Les révélations d’Edward Snowden l’ont amplement démontré : avec la possibilité d’intercepter, de stocker et de traiter de très grandes quantités de données, la surveillance a changé de dimension, et même de nature. « Ce n’est plus « suivez cette voiture », c’est « suivez chaque voiture » », dit ainsi l’expert en sécurité informatique américain Bruce Schneier. Pourtant, comme l’explique Snowden lui-même (lire Libération de vendredi), de nombreuses entreprises du numérique ont revu leur copie et renforcé la sécurité de leurs services. Et des équipes de développeurs travaillent sur des outils qui « peuvent permettre un accès à une protection de base du droit à la vie privée ». A l’inverse des « boîtes noires », ceux-ci sont transparents : leur code source, librement accessible, peut être examiné par des experts.
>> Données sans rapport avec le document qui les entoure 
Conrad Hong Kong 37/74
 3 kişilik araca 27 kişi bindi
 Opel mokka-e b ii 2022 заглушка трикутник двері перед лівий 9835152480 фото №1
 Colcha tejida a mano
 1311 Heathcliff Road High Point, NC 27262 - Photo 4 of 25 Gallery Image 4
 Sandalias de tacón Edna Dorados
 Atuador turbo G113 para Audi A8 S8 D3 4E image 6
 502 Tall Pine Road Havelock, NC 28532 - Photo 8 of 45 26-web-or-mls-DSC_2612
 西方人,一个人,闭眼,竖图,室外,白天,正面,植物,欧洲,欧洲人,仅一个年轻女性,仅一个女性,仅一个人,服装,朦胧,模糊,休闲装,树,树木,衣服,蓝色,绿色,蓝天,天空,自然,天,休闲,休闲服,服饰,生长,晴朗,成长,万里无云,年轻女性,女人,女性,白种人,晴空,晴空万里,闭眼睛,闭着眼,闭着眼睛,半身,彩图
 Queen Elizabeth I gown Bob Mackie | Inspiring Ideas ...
Contrairement aux idées reçues, plus besoin d’être un geek averti pour s’en servir. Tour d’horizon de quelques moyens techniques pour retrouver un peu de confidentialité à l’ère de la surveillance de masse (plus d’infos dans le guide de l’ONG Tactical Tech).
SURFER HORS DES FILETS
C’est en quelque sorte le « péché originel » du Web : par défaut, on y navigue tout nu, tout ce qu’on y fait est visible - se connecter à un site, mais aussi lui transmettre un mot de passe… A partir de 1994, le protocole de connexion sécurisée HTTPS est venu remédier à cet état de fait. Il crypte (ou « chiffre », en bon français) le contenu de la communication avec un site web. Un petit cadenas apparaît alors dans la barre de navigation. Les banques et les sites de e-commerce ont été les premiers à l’utiliser. Plus récemment, la plupart des grands services internet (Google, Facebook, Twitter…) l’ont adopté. L’Electronic Frontier Foundation, l’association américaine de défense des libertés sur Internet, a lancé il y a quatre ans HTTPS Everywhere, une extension qui fonctionne avec la plupart des navigateurs, s’installe en un clic et « force » la connexion sécurisée partout où elle est possible.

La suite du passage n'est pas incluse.